A £25m fund launched by leading UK social investors backs early-stage social enterprises whose staff recruiting policies and management structures reflect the diversity of the sector they operate in
A new £25m (€29.3m) social investment fund is offering patient capital or equity investment for early-stage UK social businesses whose staff recruitment policy reflects the sectors in which they operate.
The Growth Impact Fund (GIF) has been established by Big Issue Invest, UnLtd and Shift in an effort to boost flagging financing for the social enterprise sector. Big Issue Invest Fund Management is the fund manager for the GIF, which is being funded by professional investors only. Bank of America and Access Foundation are among its supporters.
Big Issue Invest is the social investment arm of the Big Issue Group, whose first business was the Big Issue street newspaper, sold by homeless people to provide them with an income. UnLtd finds, funds and supports social entrepreneurs, while Shift works with social organisations to design programmes that maximise impact.
The partners say the fund aims to tackle structural barriers within social investment highlighted by the Adebowale Commission, whose report was published in early 2022. The commission found the UK social investment market “was fundamentally the same in 2019 as it was in 2011”, despite £600m of public investment during that period.
Organisations eligible for funding will receive between £50,000 and £1.5m either via patient capital, or through alternative mechanisms such as an investment of 70% of funding through equity and quasi-equity products.
“The Growth Impact Fund will address the bias which we know can close doors to diverse-led organisations and share its learnings to wedge those doors open for more funds and entrepreneurs to follow,” Sara Redford, chair of GIF’s Social Impact Investment Committee said on launching the fund.
GIF says it will provide grant-funded support throughout the investment process and that it commits to ensuring that the team, management, and governance of the fund itself are representative of the entrepreneurs the fund looks to support.
To qualify for support, social enterprises (SE) will need to meet specific diversity, equity and inclusion (DEI) criteria in their management structures.
A DEI toolkit is being developed by Big Issue Invest, UnLtd, and Social Value UK to aid in eligibility screening. The fund will use this to assess potential fund recipients’ existing structures and plans for improving DEI and to provide support as needed. It plans to share an open-source version of the toolkit within the next year.

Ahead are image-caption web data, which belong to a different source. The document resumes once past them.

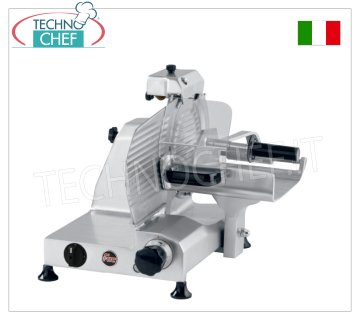 FAC – VERTIKALER SCHNEIDER für FLEISCH, Klingen-Ø 300 mm, HAUSHALTS-CE, Abm. mm 520x460x500h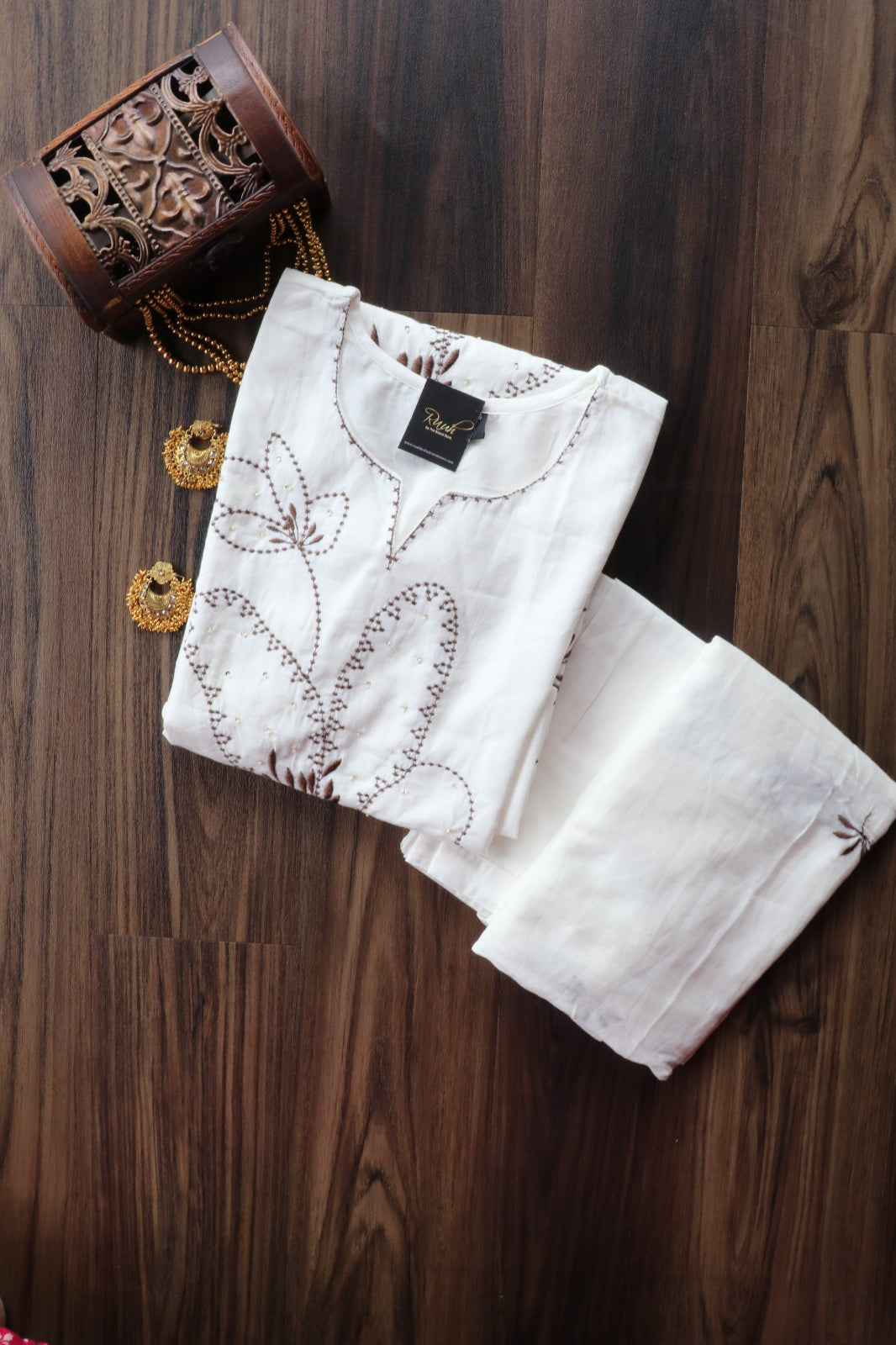 OFF WHITE COTTON SET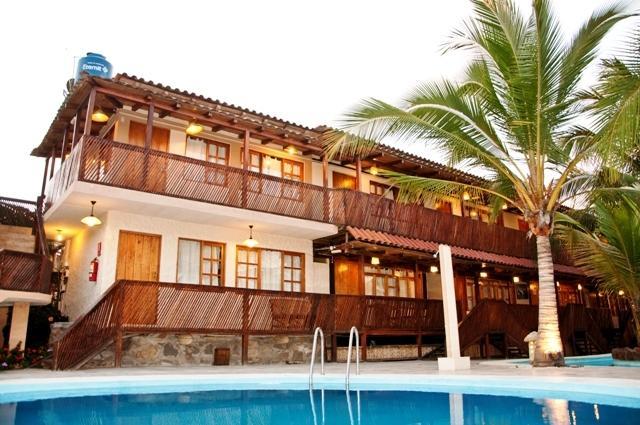 Hotel Costa Azul Zorritos Bagian luar foto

The commitment to social inclusion is also being built into the oversight and management of the fund itself. Social entrepreneurs will be represented on the fund’s advisory board and investment committee with the objective of maintaining inclusivity and understanding the needs of the founders of the organisations in which it invests.
Social investment means not just investing in ‘good’ projects, but also investing in impactful people and social businesses that disrupt the status quo in leadership, governance, and delivery, according to Mathu Jeyaloganathan, head of investment at UnLtd.
“That includes how organisations resource and staff the funding, not just how the investees operate. With the Growth Impact Fund, we don’t just want to show it can be done, but influence others to change their practices, implement reform and learn from our efforts,” she said.